If [math]\displaystyle{ C }[/math] is a min-cut in a multi-graph [math]\displaystyle{ G(V,E) }[/math], then [math]\displaystyle{ |E|\ge \frac{|V||C|}{2} }[/math].

Proof. It must hold that the degree of each vertex [math]\displaystyle{ v\in V }[/math] is at least [math]\displaystyle{ |C| }[/math], or otherwise the set of edges incident to [math]\displaystyle{ v }[/math] forms a cut of size smaller than [math]\displaystyle{ |C| }[/math] which separates [math]\displaystyle{ \{v\} }[/math] from the rest of the graph, contradicting that [math]\displaystyle{ C }[/math] is a min-cut. And the bound [math]\displaystyle{ |E|\ge \frac{|V||C|}{2} }[/math] follows directly from applying the handshaking lemma to the fact that every vertex in [math]\displaystyle{ G }[/math] has degree at least [math]\displaystyle{ |C| }[/math]. [math]\displaystyle{ \square }[/math]

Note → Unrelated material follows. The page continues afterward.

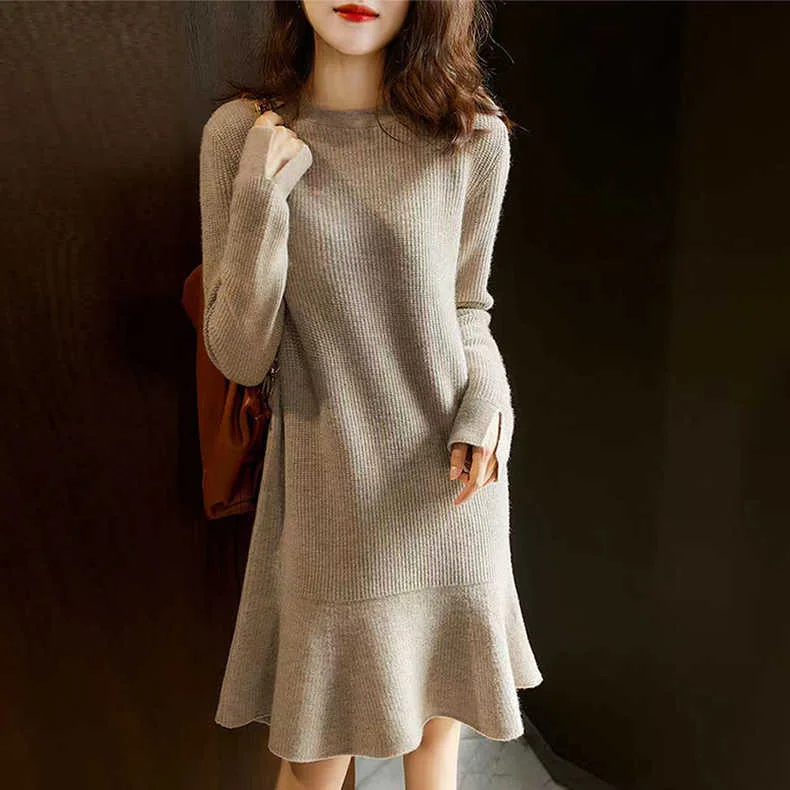 

Winter Long Dresses Women Long Sleeves O Neck Knitted Dress Vintage Fashion Pullovers Solid Party Dress Basic Women Clothing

Let [math]\displaystyle{ V_i }[/math] and [math]\displaystyle{ E_i }[/math] denote the vertex set and edge set of the multi-graph [math]\displaystyle{ G_i }[/math] respectively, and recall that [math]\displaystyle{ G_i }[/math] is the multi-graph obtained from applying first [math]\displaystyle{ (i-1) }[/math] contractions. Obviously [math]\displaystyle{ |V_{i}|=n-i+1 }[/math]. And due to Proposition 2, [math]\displaystyle{ |E_i|\ge \frac{|V_i||C|}{2} }[/math] if [math]\displaystyle{ C }[/math] is still a min-cut in [math]\displaystyle{ G_i }[/math].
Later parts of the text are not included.